### [ACTION ITEM]
Of all the lines below, output only those starting at the one with "Jessica Murray, wearing" and ending at the one with "Puede incluir: Una", both ends included, exactly as written.
********************
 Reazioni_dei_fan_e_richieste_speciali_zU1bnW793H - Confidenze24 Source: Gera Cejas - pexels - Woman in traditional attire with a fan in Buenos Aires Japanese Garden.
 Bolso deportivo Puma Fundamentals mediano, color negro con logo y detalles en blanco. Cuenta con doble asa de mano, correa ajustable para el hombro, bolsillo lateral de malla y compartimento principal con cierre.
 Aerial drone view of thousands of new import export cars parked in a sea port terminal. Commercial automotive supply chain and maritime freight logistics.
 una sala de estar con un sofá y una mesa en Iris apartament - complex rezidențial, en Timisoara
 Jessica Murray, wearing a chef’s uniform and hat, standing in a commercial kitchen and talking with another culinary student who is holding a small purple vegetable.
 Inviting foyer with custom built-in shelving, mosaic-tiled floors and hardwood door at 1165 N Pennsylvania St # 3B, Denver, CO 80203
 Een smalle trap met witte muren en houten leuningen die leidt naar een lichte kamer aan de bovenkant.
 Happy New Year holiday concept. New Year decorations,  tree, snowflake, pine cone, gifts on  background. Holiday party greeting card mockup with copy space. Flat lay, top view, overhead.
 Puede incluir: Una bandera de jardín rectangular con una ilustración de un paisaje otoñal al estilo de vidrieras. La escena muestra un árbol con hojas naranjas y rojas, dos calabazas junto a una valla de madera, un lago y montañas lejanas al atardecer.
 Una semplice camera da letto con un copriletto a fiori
********************
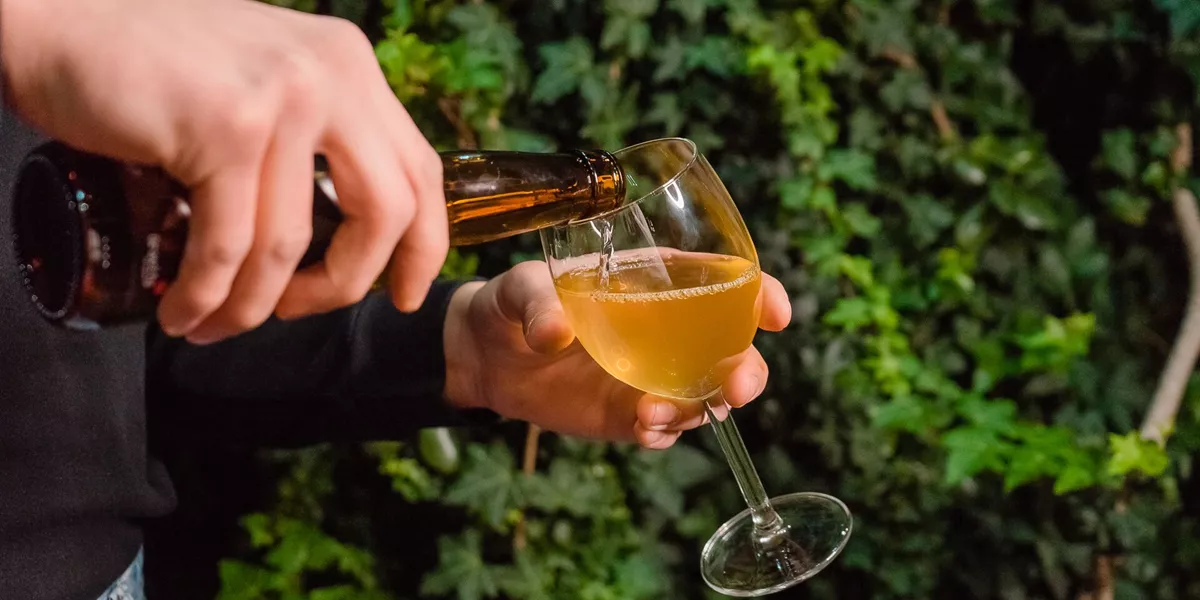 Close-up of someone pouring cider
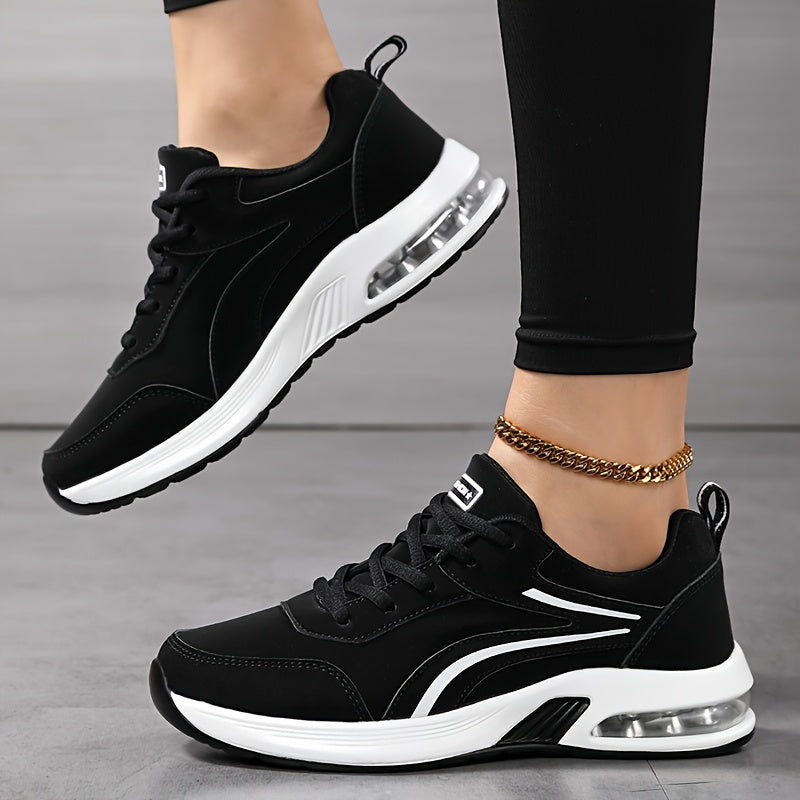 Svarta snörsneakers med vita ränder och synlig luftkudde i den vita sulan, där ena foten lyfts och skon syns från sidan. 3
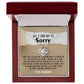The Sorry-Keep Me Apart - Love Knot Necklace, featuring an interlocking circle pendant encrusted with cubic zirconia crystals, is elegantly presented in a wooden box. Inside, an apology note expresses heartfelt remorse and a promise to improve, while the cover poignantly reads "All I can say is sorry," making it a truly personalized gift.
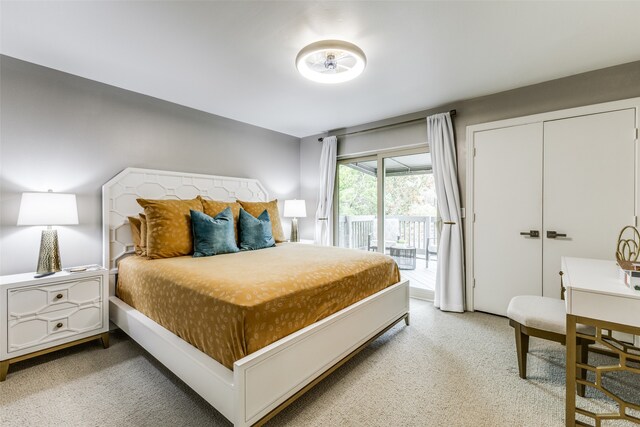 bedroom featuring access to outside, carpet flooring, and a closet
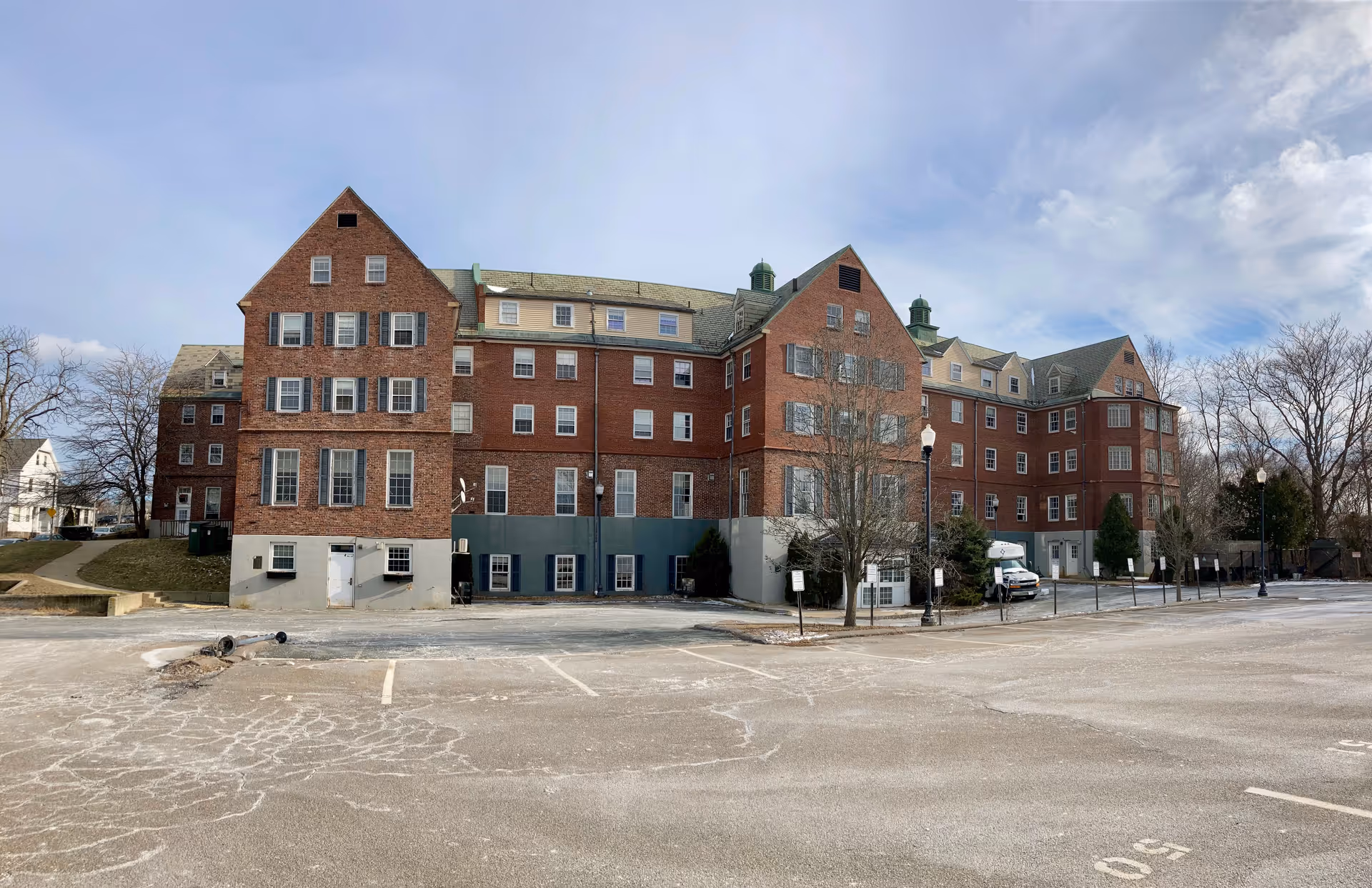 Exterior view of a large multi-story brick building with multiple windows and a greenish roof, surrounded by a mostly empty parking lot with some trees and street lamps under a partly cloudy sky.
********************
### [RESPONSE TO THIS EXERCISE]
 Jessica Murray, wearing a chef’s uniform and hat, standing in a commercial kitchen and talking with another culinary student who is holding a small purple vegetable.
 Inviting foyer with custom built-in shelving, mosaic-tiled floors and hardwood door at 1165 N Pennsylvania St # 3B, Denver, CO 80203
 Een smalle trap met witte muren en houten leuningen die leidt naar een lichte kamer aan de bovenkant.
 Happy New Year holiday concept. New Year decorations,  tree, snowflake, pine cone, gifts on  background. Holiday party greeting card mockup with copy space. Flat lay, top view, overhead.
 Puede incluir: Una bandera de jardín rectangular con una ilustración de un paisaje otoñal al estilo de vidrieras. La escena muestra un árbol con hojas naranjas y rojas, dos calabazas junto a una valla de madera, un lago y montañas lejanas al atardecer.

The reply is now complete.